Stay with me, because I'm going somewhere with this.

So, I'm watching some George Jones videos on YouTube – He Stopped Loving Her Today is probably my favorite – when a thought occurred to me. One of Jones' biggest hits was, She Thinks I Still Care. If you haven't seen it, you owe it to yourself to watch it.

Here's the first stanza of the song:

Just because I asked a friend about her
Just because I spoke her name somewhere
Just because I saw her then went all to pieces
She thinks I still care

Excuse the gross alliteration but the story in the song is simple: the man has lost the woman he loves – a typical country theme – and he begins doing little things like asking friends how she's doing, “accidentally” calling her number, going to the same places they used to go together, etc. He denies that these things mean he still cares about her but as you hear all the things he does, you know that he obviously still does.

What, then, can George Jones teach us about atheists? Let me give you a theory. People may deny feeling or believing certain things.  But when they obsess over that thing they deny, it belies their denials. Have you ever noticed that? Maybe so. I know I certainly have.

I believe in God. I believe the Bible. I believe in creation. I'm not coy about my beliefs and spend a great deal of time defending them. If you've ever read my blog, you'll see that I'm sincere.
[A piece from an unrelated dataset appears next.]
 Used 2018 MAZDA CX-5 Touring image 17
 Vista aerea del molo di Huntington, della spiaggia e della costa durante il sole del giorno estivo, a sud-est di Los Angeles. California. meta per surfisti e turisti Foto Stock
Conversely, I don't believe in Big Foot, I don't believe professional wrestling is real, and I don't believe in alien abductions. These things aren't important to me. If other people want to believe in them, I don't care. I think it's foolish but I guess people have the right to be foolish. I'm not going to waste a lot of my time trying to talk them out of it.

I think a lot of people feel the same way that I do. How many websites have you visited that are dedicated to disproving Big Foot? People might mention it, as I've done here, but they don't dedicate a blog to it. They don't write books about their non-belief.  They don't visit college campuses and lay out their arguments against Big Foot for impressionable, young students.  In other words, they don't obsess about it.
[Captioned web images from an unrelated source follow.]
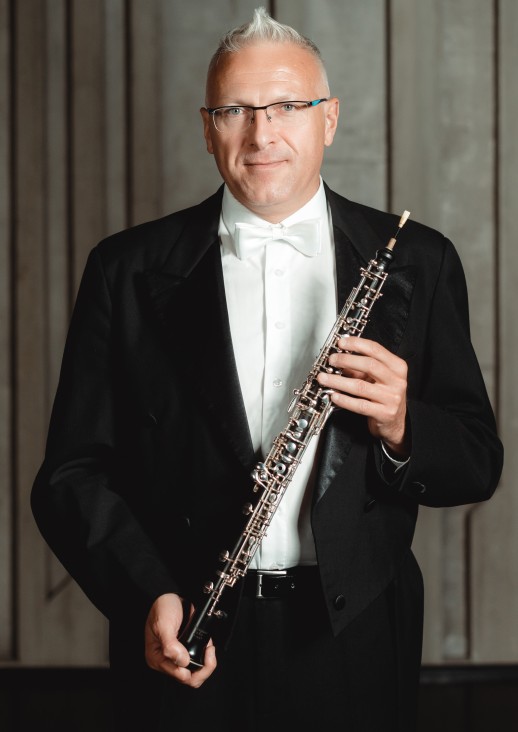 portret mężczyzny trzymającego obój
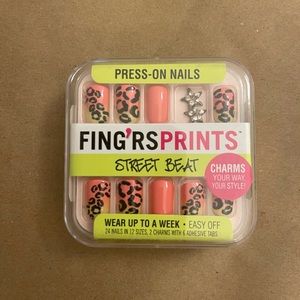 Press on nails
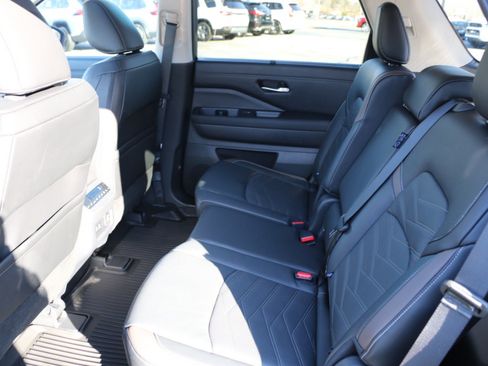 Used 2025 Nissan Pathfinder Platinum w/ Cargo Package image 31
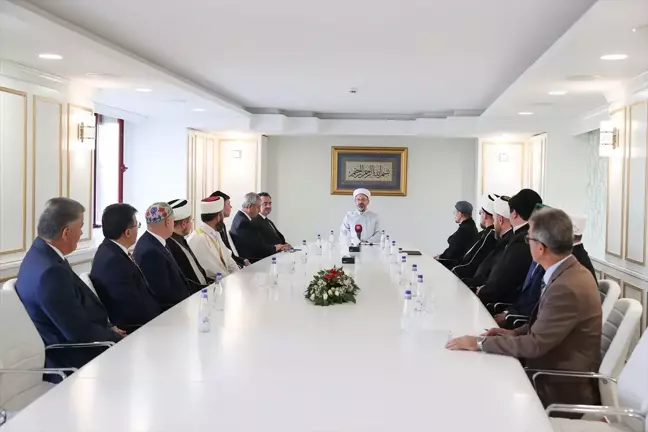Diyanet İşleri Başkanı Ali Erbaş, Rusya Federasyonu Dini İdaresi ve Müftüler Konseyi Başkanlığı heyetini kabul etti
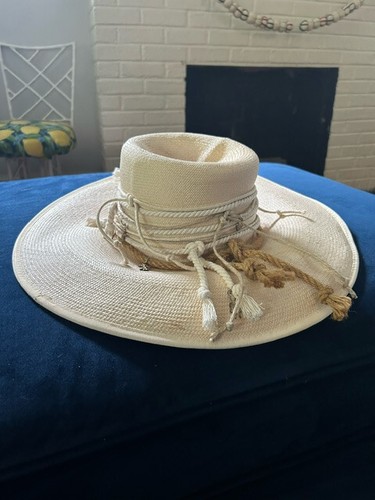 Foto 1 di 3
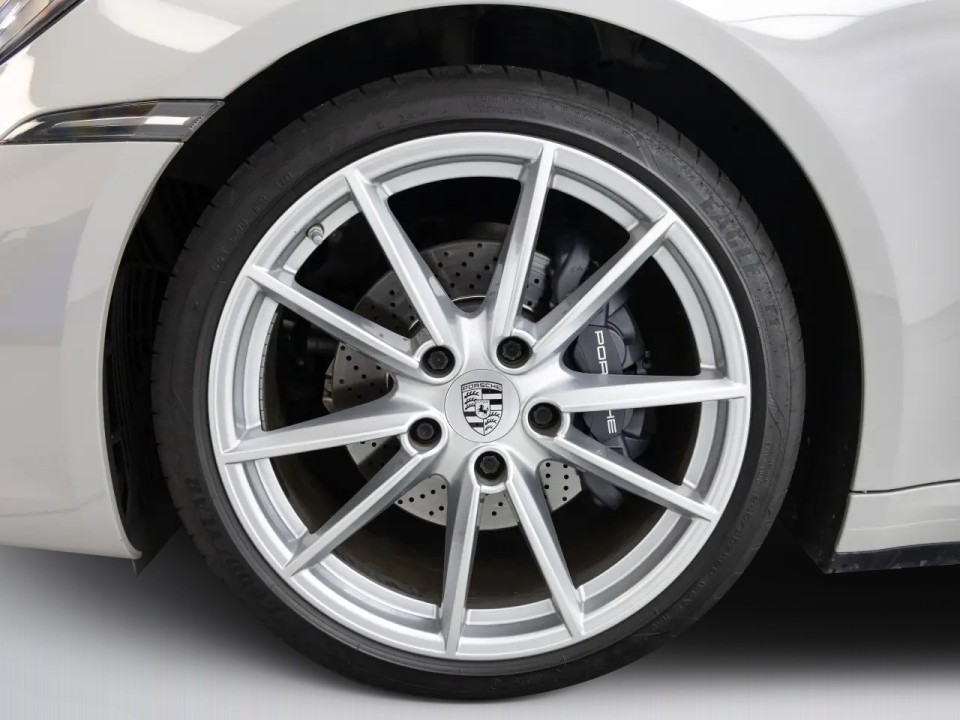 Porsche 911 Carrera - foto 30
You probably see where I'm going with this but let me spell it out. Atheists claim they don't believe in God. I get it. To them, my belief in God is about as rational as a belief in alien abductions. However, atheists don't “not believe” in God the same way that I don't believe in Big Foot. They don't passively disbelieve but rather, they actively promote their disbelief. They blog about how foolish it is to believe in God. They wax on and on about how science has disproved the Bible and Jesus wasn't a real person.  They write books and make speeches about why they don't believe... yadda, yadda, yadda. They want to not believe and they also want everyone else to not believe. Atheists obsess about the idea of God.
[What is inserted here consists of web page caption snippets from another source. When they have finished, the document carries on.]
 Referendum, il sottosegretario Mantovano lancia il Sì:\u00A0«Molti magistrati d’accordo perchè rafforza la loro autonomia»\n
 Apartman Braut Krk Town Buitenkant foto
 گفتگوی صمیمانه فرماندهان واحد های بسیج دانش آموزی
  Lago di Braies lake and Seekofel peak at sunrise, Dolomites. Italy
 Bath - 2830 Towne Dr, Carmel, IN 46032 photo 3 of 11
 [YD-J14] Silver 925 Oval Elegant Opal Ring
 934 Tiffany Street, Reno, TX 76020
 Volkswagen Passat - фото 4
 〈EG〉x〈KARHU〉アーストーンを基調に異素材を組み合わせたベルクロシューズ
Isn't that curious?  I mean, if I were an unbeliever, why should it bother me if someone else believed in God? I'm sure it also wouldn't bother me even if someone tried to persuade me to believe in God. It doesn't bother me now, for example, when people try to convince me there's a Big Foot. I listen politely but later I put it out of my mind. It's not so with atheists. They militantly brandish their unbelief and would bludgeon Christians with it if they could.

I think I know the reason why they speak so. They deny there's a God but their continued obsession belies their denial. They act like they don't care about the existence of God but, as George Jones said, I think they still care.